Figure 1. System block diagram showing interconnection of the hardware components and data flow paths.

Some of the major design features are:

- i) Input and Output processing trigger off independent events. The requirement that system latency should reduce as the outputs calculation time is reduced, meant that the outputs handling process should synchronise with the calculation process. The inputs handling process must synchronise with the sample clock, without using VME bus bandwidth. The cycle time requirement meant that interrupts could not be used, as this is of the same order as the interrupt handling time under OS/9. Hence, polling methods were required, which further increases bus loading.
- ii) A high degree of overlap. Data for the next cycle must be being prepared while the SNAP is busy on the previous cycle. Output values from the previous cycle must be converted without interfering with new input values.

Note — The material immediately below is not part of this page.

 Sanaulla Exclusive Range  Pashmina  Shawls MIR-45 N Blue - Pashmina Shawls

iii) A high average data rate (approximately 1200 bytes per 50 µsec cycle), which meant that the most efficient possible data transfer mechanisms were required.

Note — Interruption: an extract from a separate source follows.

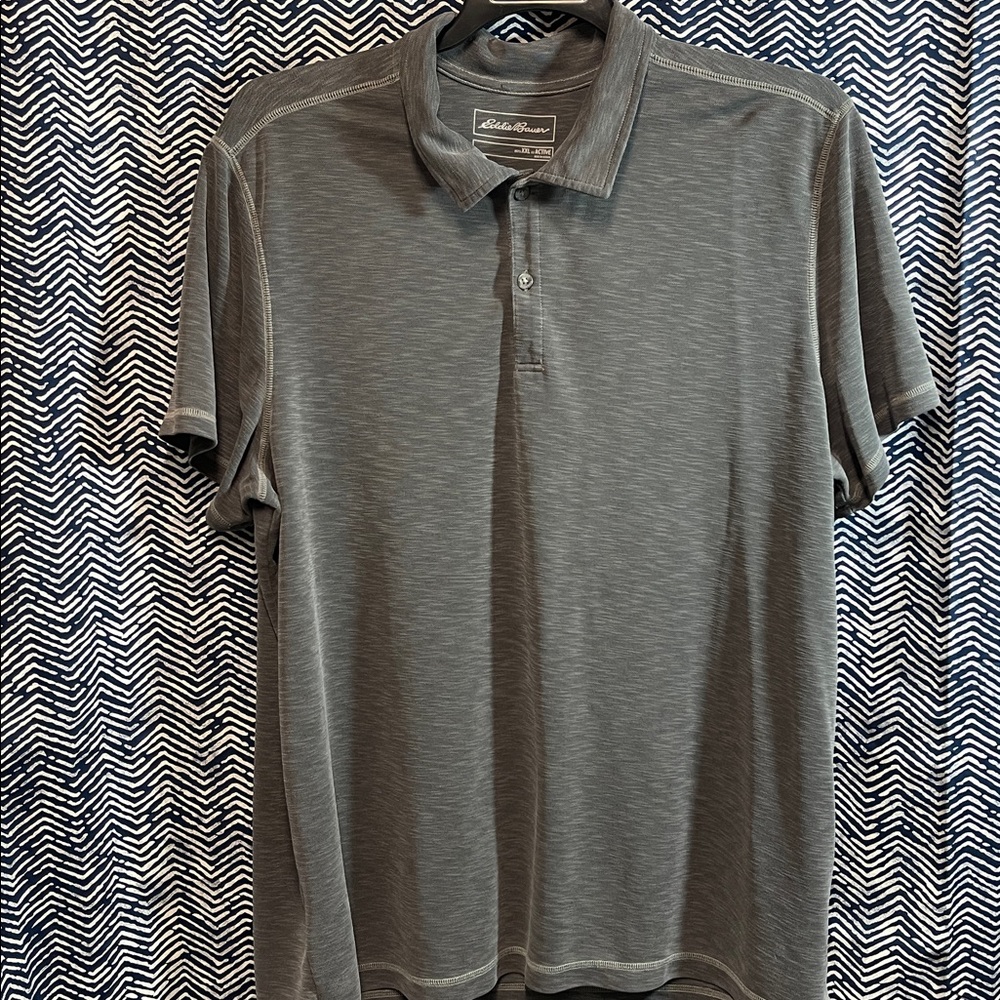 Eddie Bauer Active Fit Charcoal Polo Shirt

iv) Reversible data file format. The CRPP developed a flexible portable file format based on the Sun XDR standard to handle the large volumes of logged data. The format allows transfer of all or part of a data set. The required data set may be any subset of channels and/or time samples.

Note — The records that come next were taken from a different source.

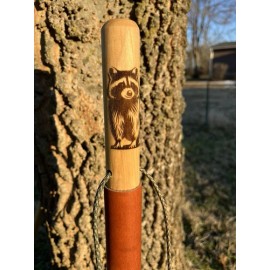 Jesus Reigns USA Raccoon Natural Earth Tones Poplar Wood Walking Stick Hiking Staff - (Standard Adult) 55 Inches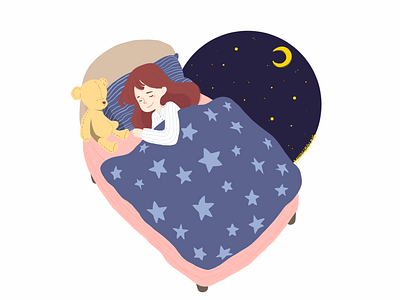 Good night bed cartoon character design drawing dream girl goodnight illustration illustrator painting vector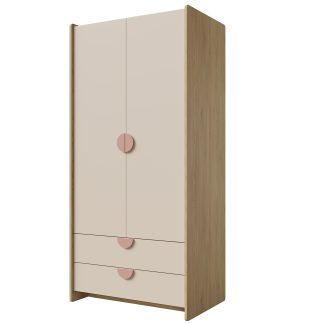 Drehtürenschrank mit 2 Türen und 2 Schubladen für Jugenzimmer LENA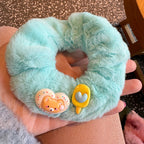 Lake Blue Cute Little Girl Plush Hair Tie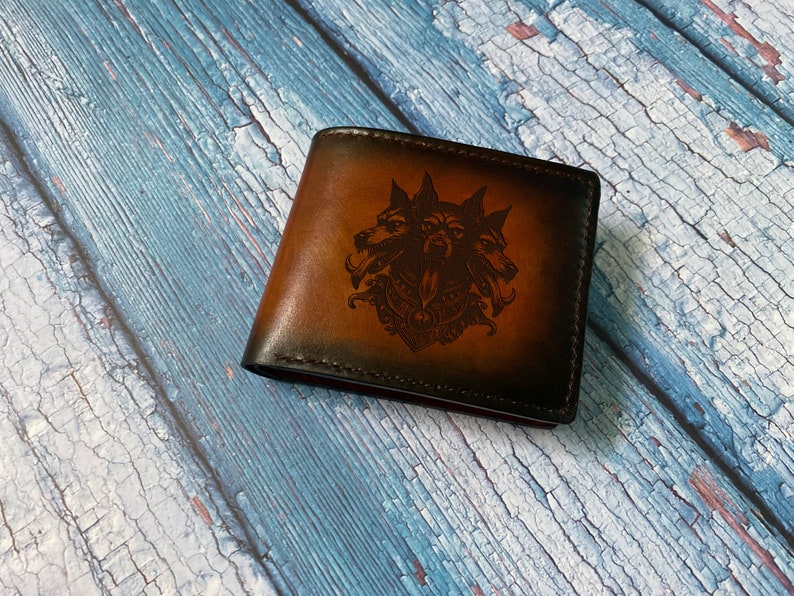 Three headed Wolf tattoo Genuine Leather wallet, premium leather men wallet, Handmade myth Cerberus gift, Christmas Day custom men wallet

The requirement for simultaneous data capture meant that a single convertor per channel architecture was chosen for the VGD4 ADC design. A 10 µsec convertor was a good compromise of conversion speed, power consumption and cost; a 2 µsec convertor saves 8 µsec but carries a heavy power consumption and heat dissipation penalty, particularly as nearly 200 were required. The core ADC chosen was a Burr Brown ADS7804. A digital output version was required for speed. The digital logic is quiet during conversion for the best noise performance. The design has the fastest possible transfer to FIFO, and VSB BLT (Block Transfer) transfer is software selected to begin on FIFO not empty to minimise latency. The board has mirror image components on each side and has 10 layers. Offset and gain controls are not included for reasons of space and cost, but a table of offsets and gains is provided in on-board PROM to allow software calibration.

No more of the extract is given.